- [Brief] Only one stretch of the listing below is wanted. Give it again exactly, from the line with "conazol, cetoconazol , terbinafina, itraconazol." through the line with "forces (prana and".

- [Exercise inputs]
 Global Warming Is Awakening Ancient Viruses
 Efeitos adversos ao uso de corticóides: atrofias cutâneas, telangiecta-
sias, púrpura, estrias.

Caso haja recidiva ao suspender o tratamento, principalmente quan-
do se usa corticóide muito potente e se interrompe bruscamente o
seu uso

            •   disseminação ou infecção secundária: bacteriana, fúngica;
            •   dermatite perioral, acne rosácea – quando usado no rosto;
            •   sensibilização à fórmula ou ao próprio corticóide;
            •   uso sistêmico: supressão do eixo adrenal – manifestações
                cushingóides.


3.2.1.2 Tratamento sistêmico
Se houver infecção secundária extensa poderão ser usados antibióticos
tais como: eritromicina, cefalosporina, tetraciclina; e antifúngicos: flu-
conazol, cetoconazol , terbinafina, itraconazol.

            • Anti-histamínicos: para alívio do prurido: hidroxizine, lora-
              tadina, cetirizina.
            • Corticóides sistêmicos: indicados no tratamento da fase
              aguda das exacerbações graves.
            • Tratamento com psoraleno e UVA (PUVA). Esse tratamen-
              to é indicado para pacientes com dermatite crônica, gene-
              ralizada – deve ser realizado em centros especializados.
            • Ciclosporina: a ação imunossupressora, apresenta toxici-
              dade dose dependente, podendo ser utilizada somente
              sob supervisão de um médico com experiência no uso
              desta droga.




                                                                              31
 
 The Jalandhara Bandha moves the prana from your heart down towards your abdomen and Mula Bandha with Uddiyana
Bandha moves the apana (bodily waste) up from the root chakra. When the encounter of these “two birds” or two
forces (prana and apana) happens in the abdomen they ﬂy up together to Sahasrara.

--

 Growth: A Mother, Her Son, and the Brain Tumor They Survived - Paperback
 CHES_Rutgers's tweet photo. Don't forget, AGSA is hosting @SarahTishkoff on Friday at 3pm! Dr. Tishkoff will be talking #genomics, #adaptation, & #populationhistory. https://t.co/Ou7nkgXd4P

...

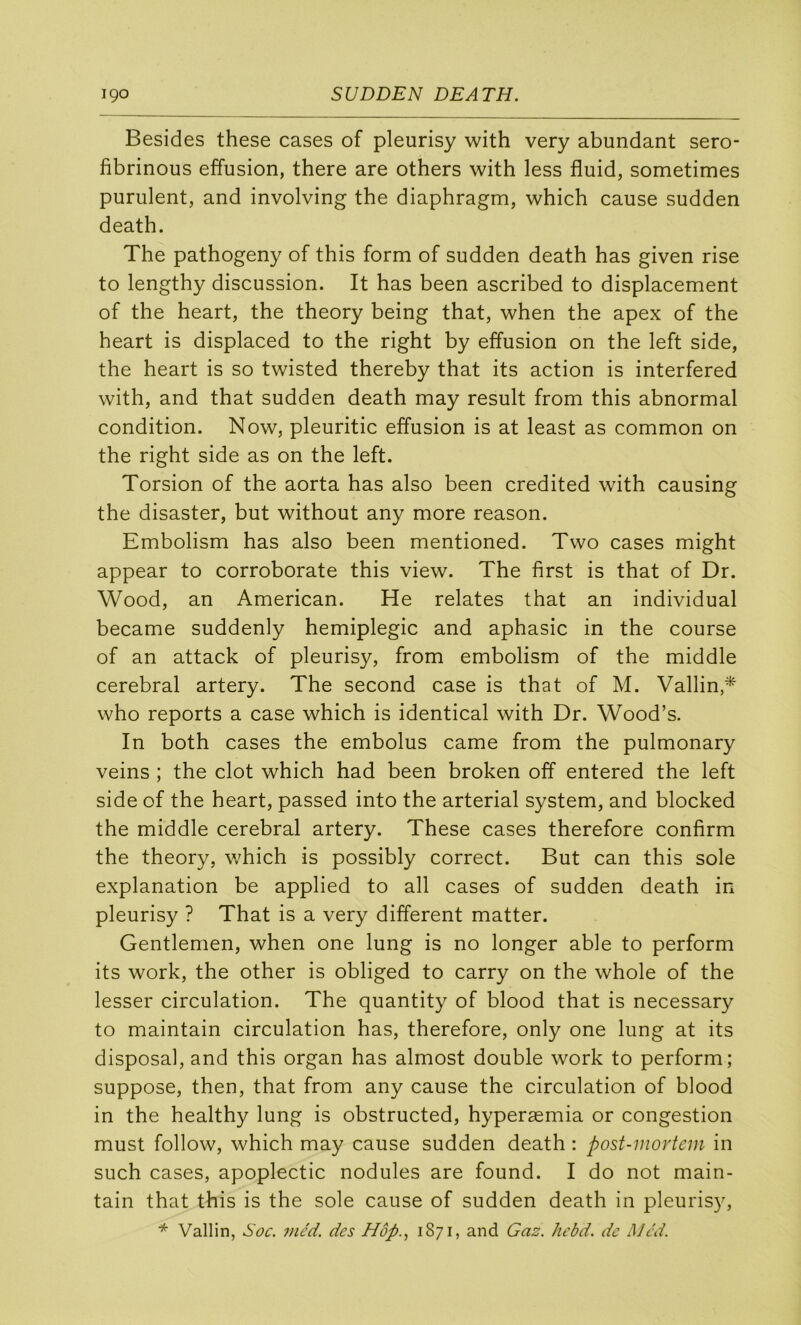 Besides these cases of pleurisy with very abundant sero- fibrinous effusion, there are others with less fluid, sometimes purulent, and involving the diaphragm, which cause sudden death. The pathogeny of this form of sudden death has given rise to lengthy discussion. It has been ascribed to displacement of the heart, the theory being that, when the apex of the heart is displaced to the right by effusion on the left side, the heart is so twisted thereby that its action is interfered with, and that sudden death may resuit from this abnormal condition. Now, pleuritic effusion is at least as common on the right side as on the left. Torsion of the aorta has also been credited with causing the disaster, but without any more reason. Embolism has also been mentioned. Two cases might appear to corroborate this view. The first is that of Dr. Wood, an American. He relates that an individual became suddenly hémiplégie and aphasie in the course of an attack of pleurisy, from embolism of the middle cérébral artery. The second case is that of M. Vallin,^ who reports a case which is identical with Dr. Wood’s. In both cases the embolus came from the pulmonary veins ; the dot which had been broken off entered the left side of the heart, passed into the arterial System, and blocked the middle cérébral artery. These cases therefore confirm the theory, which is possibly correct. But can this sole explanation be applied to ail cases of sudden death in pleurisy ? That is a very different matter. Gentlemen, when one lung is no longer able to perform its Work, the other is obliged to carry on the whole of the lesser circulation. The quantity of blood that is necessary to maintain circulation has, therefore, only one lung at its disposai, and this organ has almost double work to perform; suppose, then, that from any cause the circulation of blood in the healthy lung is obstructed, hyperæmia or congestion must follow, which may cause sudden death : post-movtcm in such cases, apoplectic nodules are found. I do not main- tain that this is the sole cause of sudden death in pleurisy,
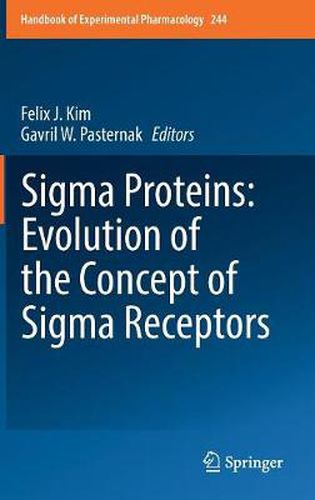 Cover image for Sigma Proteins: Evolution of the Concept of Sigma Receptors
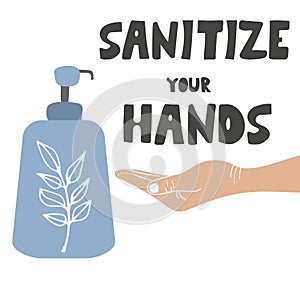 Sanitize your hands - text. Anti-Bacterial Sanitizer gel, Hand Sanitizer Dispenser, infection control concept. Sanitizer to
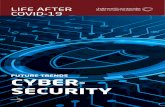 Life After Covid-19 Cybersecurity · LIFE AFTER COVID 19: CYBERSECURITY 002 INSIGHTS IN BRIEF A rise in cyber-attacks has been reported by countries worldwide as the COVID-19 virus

- [Written solution]
conazol, cetoconazol , terbinafina, itraconazol.

            • Anti-histamínicos: para alívio do prurido: hidroxizine, lora-
              tadina, cetirizina.
            • Corticóides sistêmicos: indicados no tratamento da fase
              aguda das exacerbações graves.
            • Tratamento com psoraleno e UVA (PUVA). Esse tratamen-
              to é indicado para pacientes com dermatite crônica, gene-
              ralizada – deve ser realizado em centros especializados.
            • Ciclosporina: a ação imunossupressora, apresenta toxici-
              dade dose dependente, podendo ser utilizada somente
              sob supervisão de um médico com experiência no uso
              desta droga.




                                                                              31
 
 The Jalandhara Bandha moves the prana from your heart down towards your abdomen and Mula Bandha with Uddiyana
Bandha moves the apana (bodily waste) up from the root chakra. When the encounter of these “two birds” or two
forces (prana and apana) happens in the abdomen they ﬂy up together to Sahasrara.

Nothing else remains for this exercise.